▶ _Exercise_
Do not include the pictures; repeat the rest of the data exactly.

▶ _Exercise data_
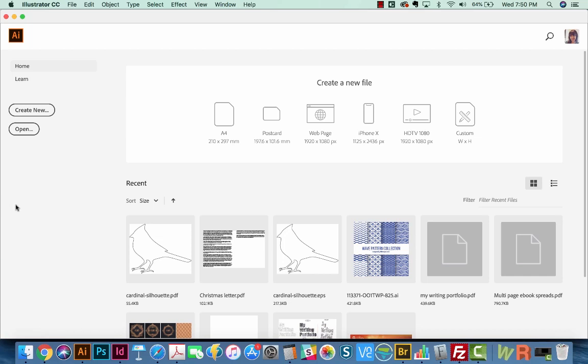Hi everyone, this is Anne with Graphic Design How To, and today we're going to talk about how to open and edit a multi-page PDF with Adobe Illustrator CC 2019.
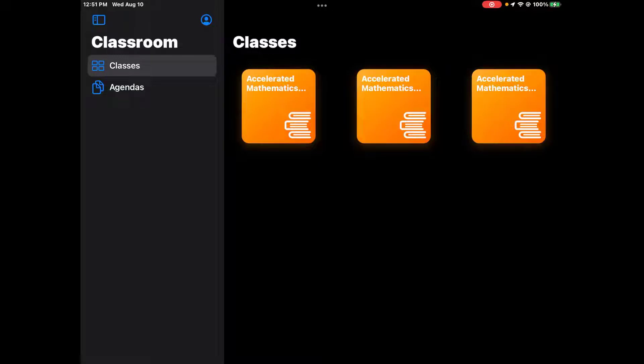This quick video is going to show you how to set up your classroom app so that you can see the classes you have and see what your students are doing on their iPads. You can see that I've already got three of my classes in. My fourth class is being imported right now.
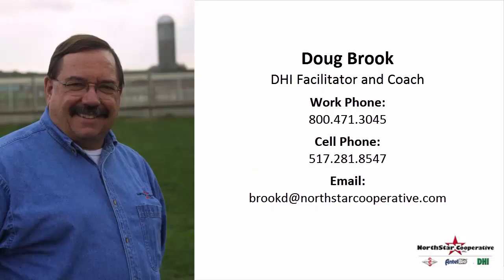So this is Doug Brooke at Northstar DHI Services. You may contact me at any of the numbers listed on the screen. Thank you for your attention.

▶ _Response to the exercise_
Hi everyone, this is Anne with Graphic Design How To, and today we're going to talk about how to open and edit a multi-page PDF with Adobe Illustrator CC 2019.
This quick video is going to show you how to set up your classroom app so that you can see the classes you have and see what your students are doing on their iPads. You can see that I've already got three of my classes in. My fourth class is being imported right now.
So this is Doug Brooke at Northstar DHI Services. You may contact me at any of the numbers listed on the screen. Thank you for your attention.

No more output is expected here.